Pavlicek began the meeting with an explanation of Massachusetts’ law. Because English is the required language of instruction, students with English as a second language and students with special needs (a one out of seven ratio in the Milton Public Schools, according to Pavlicek) must have the opportunity to be in a mainstream, English-speaking classroom.

One of the major discussion points Tuesday was on whether students with a sibling already in French Immersion should be given a seat in the program.

The proposal does not provide sibling preference.

Gormley cited the example of Tucker Elementary School, which has 19 kindergarteners with siblings in the program. If all of them were grandfathered in to French Immersion, that would leave just seven spots for the rest of the school population.

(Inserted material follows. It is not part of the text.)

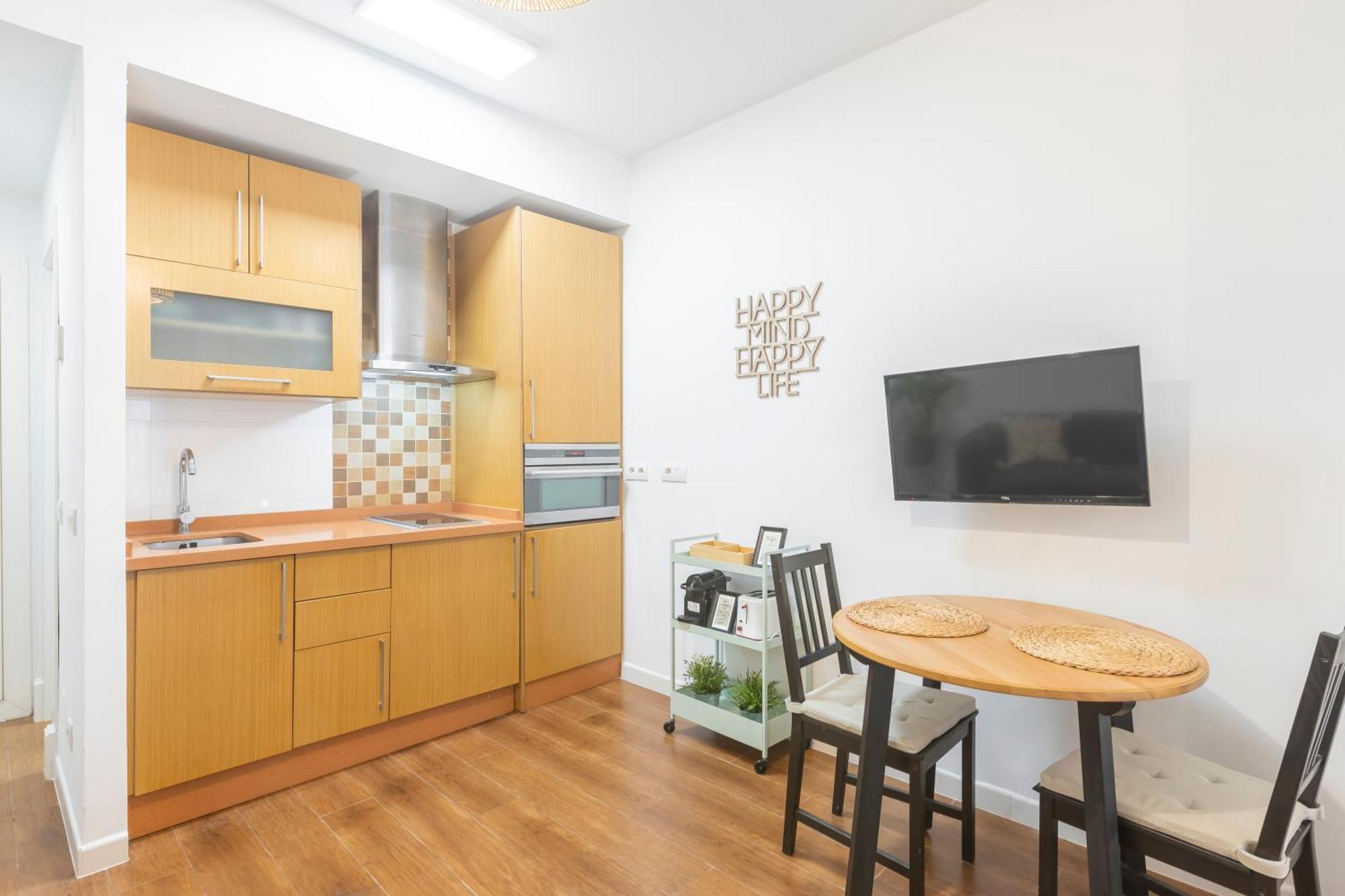 Apartament Lu&Cia La Siesta Malaga Zewnętrze zdjęcie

The idea of combining schools when it came to French Immersion was also discussed. Some suggested offering the French program to Cunningham/Collicot and Tucker/Glover families as two pools instead of four separate schools.

Gormley said the idea was considered, but not accepted because the students’ “home school,” was preferred.

If the cap was not met, parents could chose to place their child in another school with a French space available, as has been the policy in the past.

“As a leadership team we looked at the whole spectrum of ideas,” Gormley said.

The STEM (Science, Technology, Engineering, Mathematics) program, which was recently rolled out in elementary English classes was also discussed as a possible draw for parents to make the cap moot.

“We will communicate better with the public about the [STEM] program,” Gormley said in response to parents who were unaware that the pilot was being used in first grade English classrooms.